B. The purpose of this chapter is to enunciate the public policies pertaining to governmental procurement from nongovernmental sources, to include governmental procurement that may or may not result in monetary consideration for either party. This chapter shall apply whether the consideration is monetary or nonmonetary and regardless of whether the public body, the contractor, or some third party is providing the consideration.
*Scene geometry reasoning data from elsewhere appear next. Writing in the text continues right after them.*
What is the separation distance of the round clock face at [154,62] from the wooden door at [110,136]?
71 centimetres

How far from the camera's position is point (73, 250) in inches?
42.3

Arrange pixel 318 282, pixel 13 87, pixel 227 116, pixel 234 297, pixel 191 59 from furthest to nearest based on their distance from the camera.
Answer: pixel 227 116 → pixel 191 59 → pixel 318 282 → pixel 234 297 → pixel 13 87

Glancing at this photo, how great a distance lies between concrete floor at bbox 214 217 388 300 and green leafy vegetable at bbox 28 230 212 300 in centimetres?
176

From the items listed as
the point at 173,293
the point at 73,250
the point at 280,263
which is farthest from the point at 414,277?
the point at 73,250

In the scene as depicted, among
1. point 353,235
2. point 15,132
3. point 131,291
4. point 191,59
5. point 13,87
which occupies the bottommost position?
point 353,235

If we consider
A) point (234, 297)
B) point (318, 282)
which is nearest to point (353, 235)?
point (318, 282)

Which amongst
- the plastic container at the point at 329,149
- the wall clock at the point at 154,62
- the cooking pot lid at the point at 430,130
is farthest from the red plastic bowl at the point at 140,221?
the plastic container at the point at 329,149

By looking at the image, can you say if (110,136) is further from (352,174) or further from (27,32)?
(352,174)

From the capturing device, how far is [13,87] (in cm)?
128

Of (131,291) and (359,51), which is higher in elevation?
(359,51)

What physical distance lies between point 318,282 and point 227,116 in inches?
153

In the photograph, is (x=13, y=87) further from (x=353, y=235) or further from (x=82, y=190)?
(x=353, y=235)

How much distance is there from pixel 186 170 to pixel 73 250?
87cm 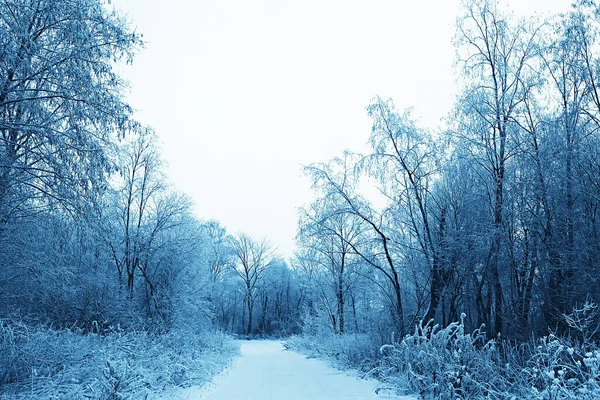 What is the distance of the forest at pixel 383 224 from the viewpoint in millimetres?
6461

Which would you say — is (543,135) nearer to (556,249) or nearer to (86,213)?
(556,249)

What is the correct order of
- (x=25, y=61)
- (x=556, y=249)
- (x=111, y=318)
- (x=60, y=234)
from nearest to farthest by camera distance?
(x=25, y=61) < (x=60, y=234) < (x=556, y=249) < (x=111, y=318)

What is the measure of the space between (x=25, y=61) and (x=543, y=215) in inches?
493

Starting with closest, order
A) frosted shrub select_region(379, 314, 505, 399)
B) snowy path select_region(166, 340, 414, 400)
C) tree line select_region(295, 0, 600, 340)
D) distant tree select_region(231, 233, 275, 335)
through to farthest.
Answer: frosted shrub select_region(379, 314, 505, 399) → snowy path select_region(166, 340, 414, 400) → tree line select_region(295, 0, 600, 340) → distant tree select_region(231, 233, 275, 335)

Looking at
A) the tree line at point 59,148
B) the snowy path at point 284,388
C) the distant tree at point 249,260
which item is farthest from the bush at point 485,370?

C. To the end that public bodies in the Commonwealth obtain high quality goods and services at reasonable cost, that all procurement procedures be conducted in a fair and impartial manner with avoidance of any impropriety or appearance of impropriety, that all qualified vendors have access to public business and that no offeror be arbitrarily or capriciously excluded, it is the intent of the General Assembly that competition be sought to the maximum feasible degree, that procurement procedures involve openness and administrative efficiency, that individual public bodies enjoy broad flexibility in fashioning details of such competition, that the rules governing contract awards be made clear in advance of the competition, that specifications reflect the procurement needs of the purchasing body rather than being drawn to favor a particular vendor, and that the purchaser and vendor freely exchange information concerning what is sought to be procured and what is offered. Public bodies may consider best value concepts when procuring goods and nonprofessional services, but not construction or professional services. The criteria, factors, and basis for consideration of best value and the process for the consideration of best value shall be as stated in the procurement solicitation.
1982, c. 647, § 11-35; 1983, c. 593; 1984, c. 764; 1986, cc. 149, 212, 559; 1994, cc. 661, 918; 1995, c. 18; 1996, cc. 683, 1019; 1997, cc. 85, 488, 785, 861, 863; 1998, cc. 121, 132; 1999, cc. 230, 248, 735; 2000, cc. 29, 382, 400, 642, 644, 666, 703; 2001, cc. 392, 409, 736, 753, 774, 844.